═══ RECORDS PROVIDED

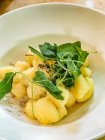 Gnocchi with sage leaves, butter and grated black pepper — Stock Photo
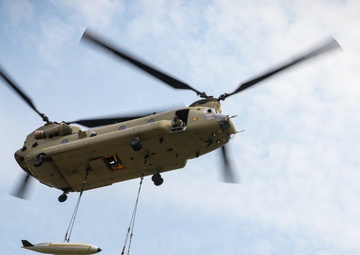 Iowa Chinook crew sling loads F-80 Shooting Star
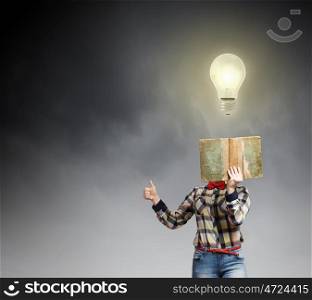 Reading concept. Woman in casual wear hiding her face behind book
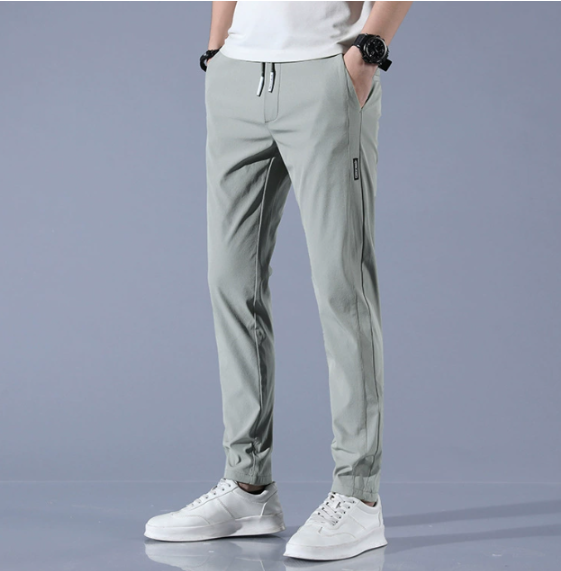 Men's slim fit gray jogger pants with drawstring waist, ideal for casual wear or athletic activities.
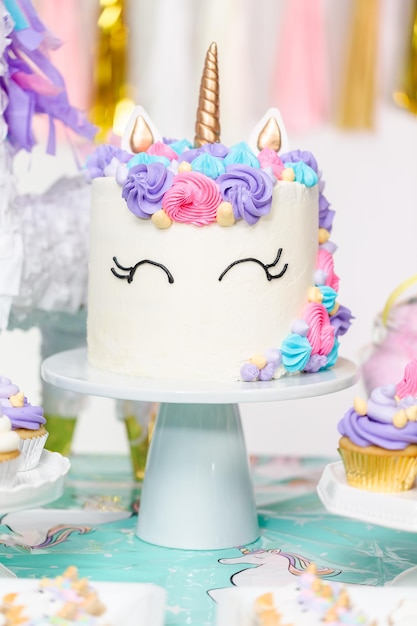 Mały stół urodzinowy dla dziewczynki z ciastem jednorożca, babeczkami i ciasteczkami cukrowymi.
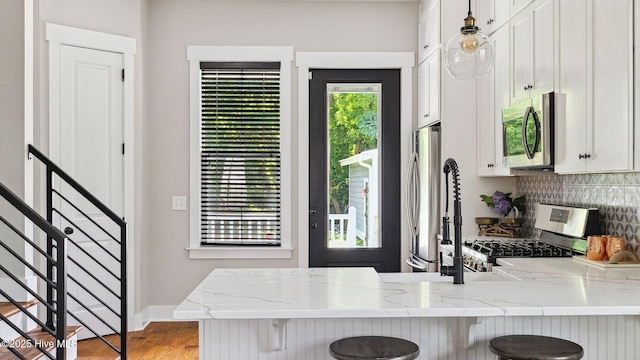 359 N Leak St, Southern Pines, NC 28387 - kitchen with appliances with stainless steel finishes, a breakfast bar area, a peninsula, decorative backsplash, and white cabinets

══════

WHAT IS REQUIRED: Drop the images; return the entries above exactly as they appear.

ANSWER TO THIS EXERCISE:
 Gnocchi with sage leaves, butter and grated black pepper — Stock Photo
 Iowa Chinook crew sling loads F-80 Shooting Star
 Reading concept. Woman in casual wear hiding her face behind book
 Men's slim fit gray jogger pants with drawstring waist, ideal for casual wear or athletic activities.
 Mały stół urodzinowy dla dziewczynki z ciastem jednorożca, babeczkami i ciasteczkami cukrowymi.
 359 N Leak St, Southern Pines, NC 28387 - kitchen with appliances with stainless steel finishes, a breakfast bar area, a peninsula, decorative backsplash, and white cabinets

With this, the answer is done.